Cripple Creek & Victor Gold Mining Company (CC&V) is AngloGold Ashanti's sole active operation in the United States. In 2008, Cripple Creek & Victor produced 258,000 ounces of gold, 5% of group production.
| Cripple Creek & Victor | 2008 | 2007 | 2006 | |
|---|---|---|---|---|
| Pay limit | (oz/t) | 0.01 | 0.01 | 0.01 |
| (g/t) | 0.34 | 0.34 | 0.34 | |
| Recovered grade | (oz/t) | 0.014 | 0.016 | 0.016 |
| (g/t) | 0.49 | 0.53 | 0.54 | |
| Gold production | (000oz) | 258 | 282 | 283 |
| Total cash costs | ($/oz) | 309 | 269 | 248 |
| Total production costs | ($/oz) | 413 | 372 | 356 |
| Capital expenditure | ($m) | 27 | 23 | 13 |
| Total number of employees | 421 | 405 | 369 | |
| Employees | 350 | 338 | 325 | |
| Contractors | 71 | 67 | 44 | |
Located in the State of Colorado in the United States, CC&V's Cresson mine is a low-cost, open-pit mining operation which treats the ore mined by means of a heap-leach pad, which is one of the largest in the world. Production began here in 1994.
CC&V is a joint venture in which two AngloGold Ashanti entities now collectively own 100% after the successful acquisition, effective 1 July 2008, of Golden Cycle Gold Corporation, which previously held a 33% interest in CC&V. On 14 January 2008, AngloGold Ashanti announced the execution of an agreement and plan of merger to acquire 100% of Golden Cycle Gold Corporation, thus consolidating 100% ownership of CC&V. The closing of that transaction was completed with effect 1 July 2008 after approval by Golden Cycle Gold Corporation's shareholders, the satisfaction of certain closing conditions, and the receipt of all necessary regulatory approvals.
The LTIFR for 2008 was 4.83 per million hours worked (2007: 2.53) and there were no fatalities during the year.
Various safety programmes (e.g. DuPont Safety Training (STOP) programme in 2003, risk-based safety management system in 2005, and extension of the STOP programme, called Train the Trainers, in 2007) have been implemented to continue to enhance safety performance at CC&V. A cultural assessment of the work force by SAFEmap was initiated in 2008 with risk identification classes beginning in the latter part of 2008 and continuing into early 2009. The SAFEmap system will be adapted for use as the safety programme at CC&V.
In 2008, production at CC&V fell 9% to 258,000 ounces. A total of 24.4Mt were placed on the heap-leach pad. The decline in production was principally a result of the slow percolation in the gold-bearing leach in the leach pad as a result of the greater distance over which the gold-bearing-leach solution had to be transported from the higher stacked ore to the leach-pad liner. This decline was compounded by a lack of alkalinity at depth that was identified from the 2008 pad drilling programme. This deficiency caused solubilised gold to precipitate at depth. An initiative to increase alkalinity by increasing caustic and lime addition over the pad began in the second half of 2008 and will continue into 2009. Given the size of the pad, recovery of precipitated gold is expected to continue for the next two years.

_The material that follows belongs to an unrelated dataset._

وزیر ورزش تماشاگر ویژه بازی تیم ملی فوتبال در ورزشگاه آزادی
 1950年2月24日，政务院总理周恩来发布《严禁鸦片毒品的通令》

Overall, there was an increase in total cash costs of 15% to $309/oz, mainly as a result of rising commodity costs, and of diesel fuel in particular. A decrease in costs due to lower contractor costs was diminished by increases in fuel costs as oil prices hit record levels on global markets and inflation in the general US economy.
Capital expenditure for the year amounted to $27 million (2007: $23 million) spent mainly on new equipment and exploration.

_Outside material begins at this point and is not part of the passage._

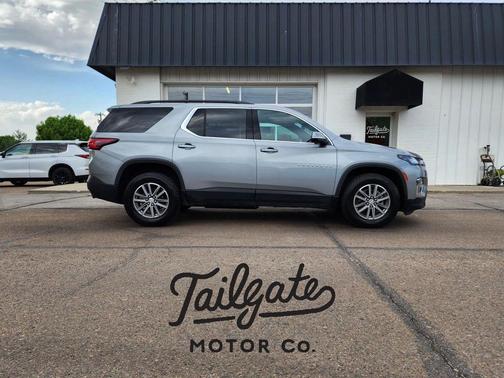Silver 2023 Chevrolet Traverse LT Cloth
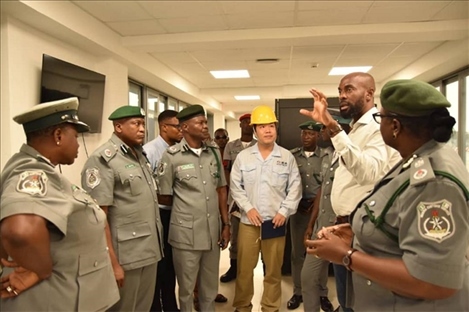 萊基港員工向海關(guān)工作人員講解掃描儀使用方法。受訪者供圖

CC&V was successful in being granted the required permits from the State of Colorado and Teller County for a mine-life extension that includes the development of new sources of ore and an extension to the heap-leach facility. The approvals extend the operation of the expanded valley leach facility and the chemical closure activities. Development drilling has further defined areas of interest for which engineering analysis and permitting requirements will be evaluated in a pre-feasibility study to be commissioned in 2009.

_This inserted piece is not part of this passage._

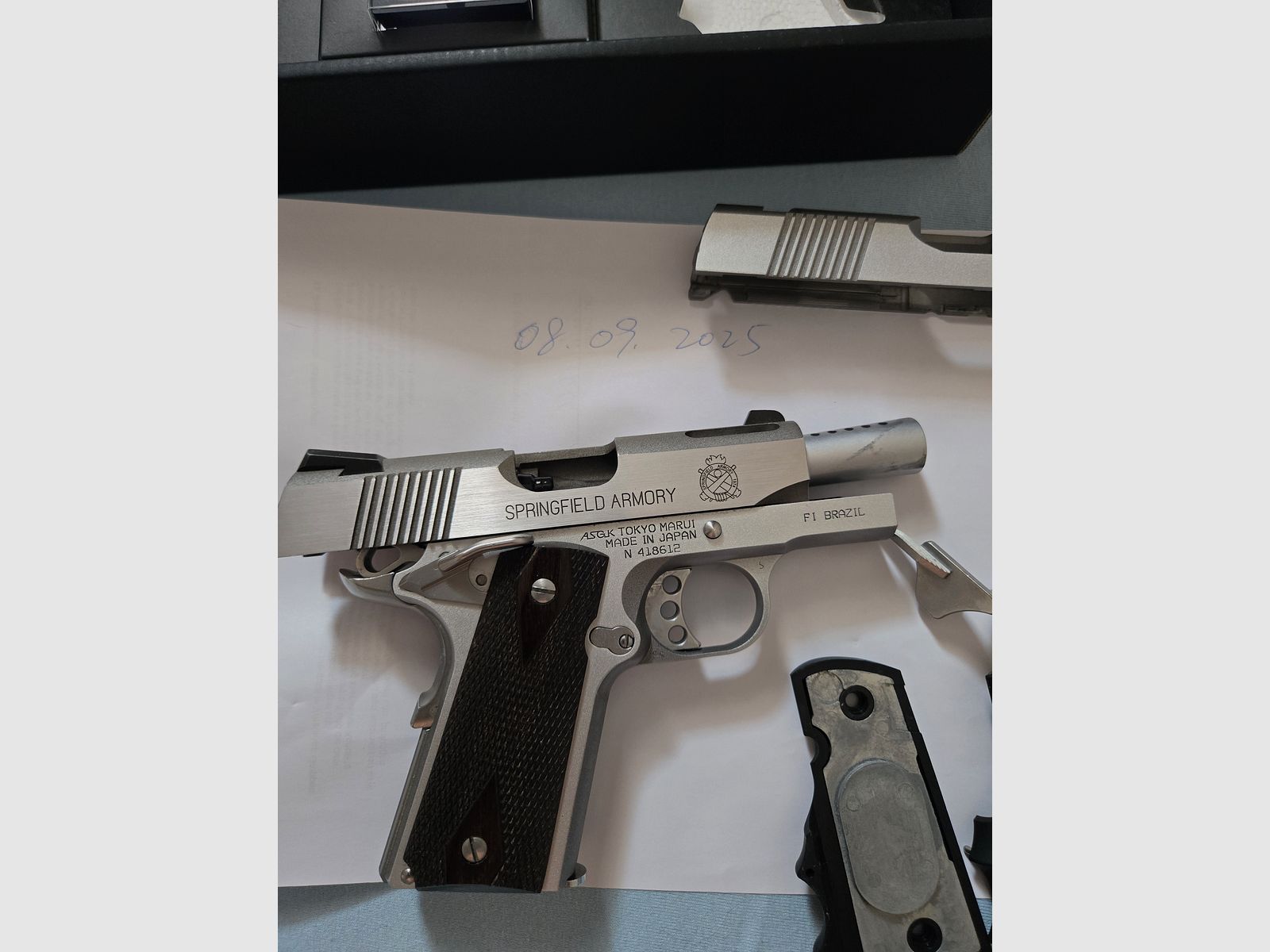 Airsoft Tokyo Marui V10 Ultra Compact GBB 6mm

Gold production for 2009 is projected to increase to around 280,000 ounces at a total cash cost ranging from $350/oz to $370/oz. Operational initiatives will continue to be taken to minimise growth in the leach-pad gold inventory in 2009. Capital expenditure of $77 million is scheduled for 2009, to be spent mostly on major mine equipment purchases and the mine-life extension project.